In the matter of Siddalakshmamma vs Managing Director on 22 November, 2022(M.F.A.NO.6298/2017 (MV-D)) presided by THE HON’BLE MR. JUSTICE H.P. SANDESH it is stated that this m.F.A. Is submitted pursuant to section 173 1 mv against the judgment and order dated 09/27/2016 submitted in mvc no.410/2016 in the file and supplementary minor matters, ru-11)bscga, judge, , partially allowing the petition to claim for compensation and seeking improvement 

Compensation. 

FACTS OF THE CASE 

This appeal is filed by the plaintiff challenging the judgment and award dated 27.09.2016 passed in M.V.C. Well 410/2016 on the file of MACT., at Bengaluru (SCCH-11) (for short “the Tribunal”) challenging the amount of compensation. 

  

The parties are listed in their original order before the Tribunal to avoid confusion and for the convenience of the Tribunal. 

  

The factual matrix of the plaintiff’s case before the Tribunal is that she is the only daughter of the deceased and was dependent on her mother’s income and the mother was a basket earner earning Rs.12,000 per month. He is therefore entitled to compensation. 

  

To prove her case, the plaintiff examined herself as P.W.1 and got the documents marked as Exs.P1 to P9. On the other hand, the respondent – KSRTC., examined one witness as R.W.1 and got the document marked as Ex.R1-Receipt of payment of interim compensation for having paid a sum of Rs.15,000/-. 

  

The Tribunal, after considering the oral and documentary evidence placed on record, assessed compensation for loss of property, loss of love and affection and carriage, funeral rites and obsequies, awarded a sum of Rs.1,75,000 in all. This appeal, therefore, comes to this Court for addition. 

  

The contention of the learned counsel appearing for the petitioner is that the Tribunal erred in not considering the loss of dependency. In the suit, she categorically claimed that she was dependent on her mother’s income and is the only daughter.

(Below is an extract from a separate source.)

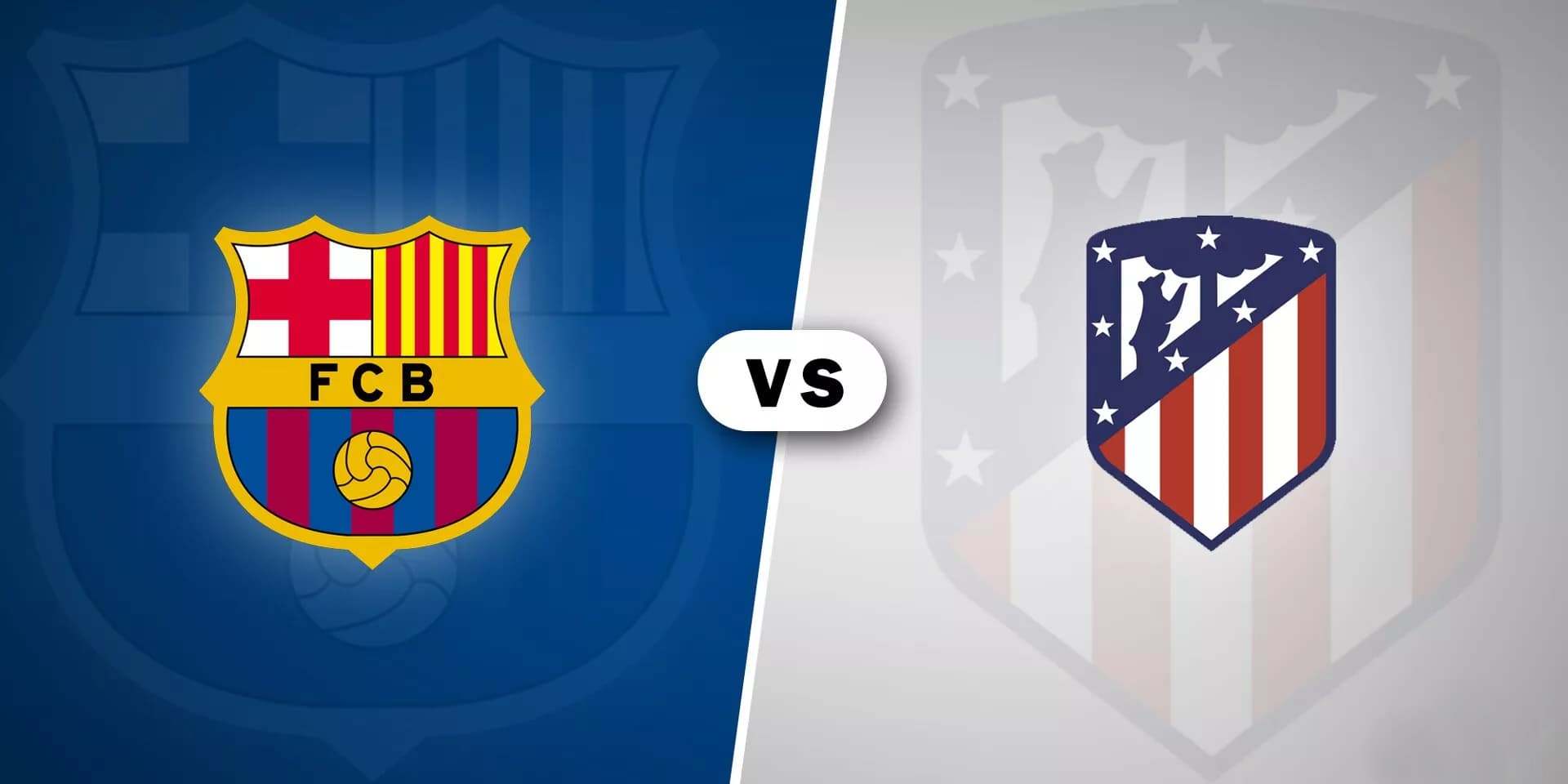 تقديم مباراة برشلونة وأتلتيكو مدريد في إياب نصف نهائي كأس ملك إسبانيا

The Tribunal erred in concluding that the claimant was also carrying out work in the manufacture of baskets. The accident occurred in 2015. Therefore, the loss of dependency is not taken into account and the Tribunal’s approach itself is flawed. The tribunal also failed to award fair and reasonable compensation. It therefore requires the intervention of this court. 

  1. On the other hand, learned counsel appearing for the respondent-KSRTC., would submit that the petitioner daughter is married and cohabiting with her husband and is not dependent on her mother’s income. When considering the loss of property, the tribunal took into account the fact that she was not dependent on her mother, on the other hand, she did the basket work herself. The General Court therefore did not commit an error.

JUDGMENT 

THE HON’BLE MR. JUSTICE H.P. SANDESH OBSERVED THAT 

After hearing the relevant legal representative and after perusing the material available on record, she is admittedly the daughter of the deceased. No doubt she has stated in her evidence that she also does basket work and mother also does the same work and the fact that she was married and stayed with her husband is not in dispute but the fact is that the income she was earning i.e. just for subsistence; he says he also makes and manufactures baskets and this is not a permanent source of income. In view of the judgment of the Supreme Court in NATIONAL INSURANCE COMPANY LIMITED v. BIRENDER AND OTHERS reported in (2020) 11 SCC 356 even married sons are entitled to compensation if they do not have a certain source of income. If so, the same cannot be ruled out in applying the same to the married daughter who has made the claim and no distinction can be made between the son and the married daughter. Even here, there is no case presented to show that she had a certain source of income. When that was the case, when the mother was earning, she was dependent on her mother. The Tribunal therefore erred and this Court must consider the loss of dependency. 

  

After considering the material on record, particularly the postmortem report – Ex.P8 which states that the deceased mother was aged about 60 years and the accident was in the year 2015, the notional income would be Rs.9,000/-. Moon. When the postmortem reports the age as 60; in the age group of 51 to 60 years, 10% must be added to the income. If added it comes to Rs.9,900/-, after deducting 50% it comes to Rs.4,950/-, after applying the appropriate multiple of 9 the dependency loss comes to 5,34,600/- (9000 +10%=9900-50% =4950x12x9). 

  

In addition, the complainant is entitled to an amount of Rs.40,000/- towards the head of loss of love and affection and an amount of Rs.33,000/- towards the head of transport, funeral rites and obsequies. 

  

In view of the above discussions, I submit the following: 

  

ORDER 

(i) The appeal is allowed in part. 

  

      (ii) Impugned judgment and award 

               The tribunal of 27/09/2016 passed 

               M.V.C.No.410/2016 is a modified award 

compensation of Rs.6,07,600/- as against Rs.1,75,000/- awarded by the Tribunal with interest at the rate of 6% per annum from the date of filing of the petition till its execution. 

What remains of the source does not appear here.